Acredito mais na visão negativa pela falta de informação que existe sobre o que é inteligência artificial e o seu uso.

Gregory MS, o melhor para o fim

Depois do Johnny Five dediquei-me a um assistente digital com um propósito mais nobre do que organizar faturas, anotar tarefas, e ler emails.

O Gregory MS vive algures em França e passa os dias a recolher artigos de Neurologia que analisa para encontrar os que são mais relevantes para melhorar a qualidade de vida de pessoas com Esclerose Múltipla.

No campo da Comunicação Digital o Gregory não é apenas um robot. Ele é uma personalidade, uma Marca com o seu próprio branding, com um tom de voz, com um propósito.

Não é uma inteligência artificial mas tem um algoritmo de machine learning (ML) que utiliza para analisar o título e abstract dos artigos. Por ser uma área sensível, o Gregory só consulta 10 websites dedicados à investigação científica.

Para divulgar o seu trabalho, o Gregory participa no Twitter e envia newsletters semanais a quem subscreveu.

Na sua diligência constante o Gregory já recolheu mais de 5000 artigos, e surgem daqui várias questões de Comunicação e Gestão de Stakeholders.

Não tendo participação de alguém com formação em medicina, que validade se deve dar a estes resultados?

Tornando-se relevante para profissionais de saúde torna-se também relevante para laboratórios de investigação.
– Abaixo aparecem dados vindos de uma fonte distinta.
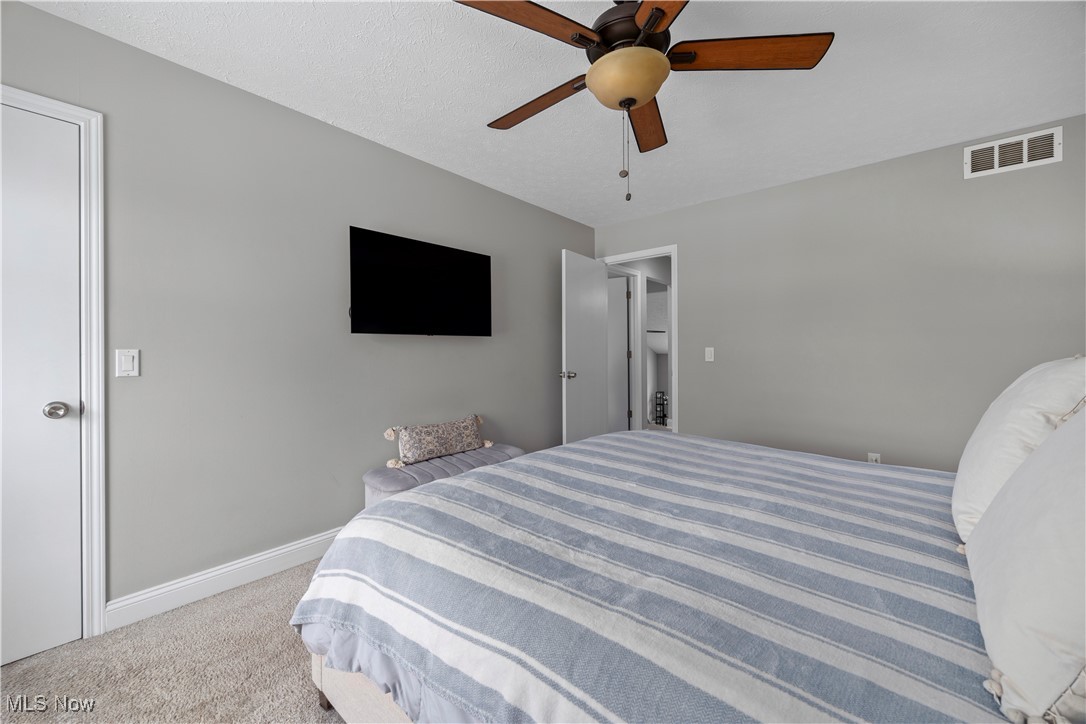 8447 Hendricks Road Mentor, OH 44060 - Photo 22 of 32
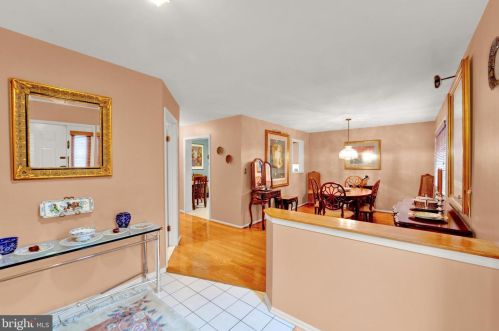 5 Exeter Ct, Princeton NJ  08540-7000 exterior
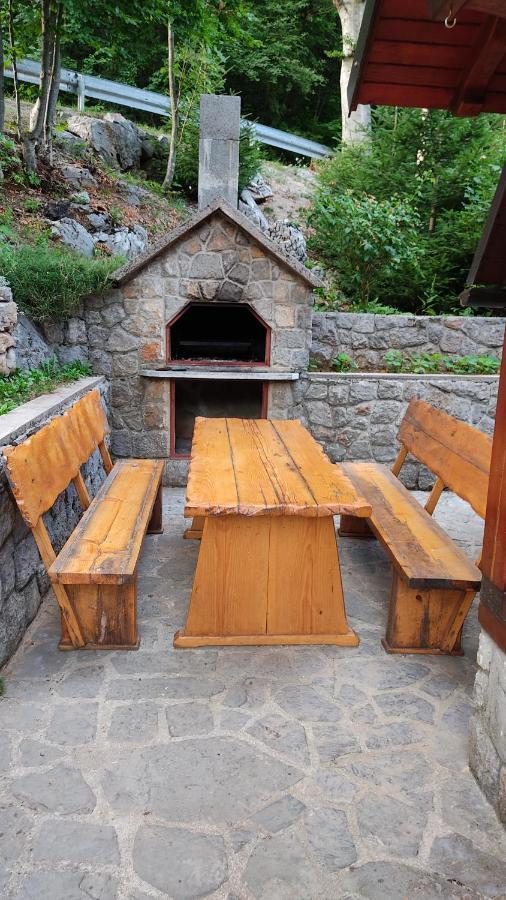 Kuca Za Odmor "Med Strmci" Villa Zlobin ภายนอก รูปภาพ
Como é que uma empresa se relaciona com um assistente digital? Qual é o nível de risco envolvido?

Como é que a informação que ele identifica como relevante pode ser usada para apoiar a inovação na medicina?

As publicações de onde o Gregory recolhe informação, devem apoiar ou travar a pesquisa feita por ele?

Sendo de acesso livre e aberto, num volume de mil pessoas por semana, vai suscitar dúvidas por parte de pacientes e cuidadores. Será que a comunidade médica pode deixar entrar um assistente digital no seu meio? E de que forma?

O Gregory nasceu para servir uma comunidade muito específica, e agora é importante abrir o diálogo sobre qual é o seu valor e de que modo se pode transformar num acelerador da investigação cientifica.

Mas por agora, conversar com as pessoas sobre bots e assistentes digitais ainda é razão para fazer o interlocutor revirar os olhos.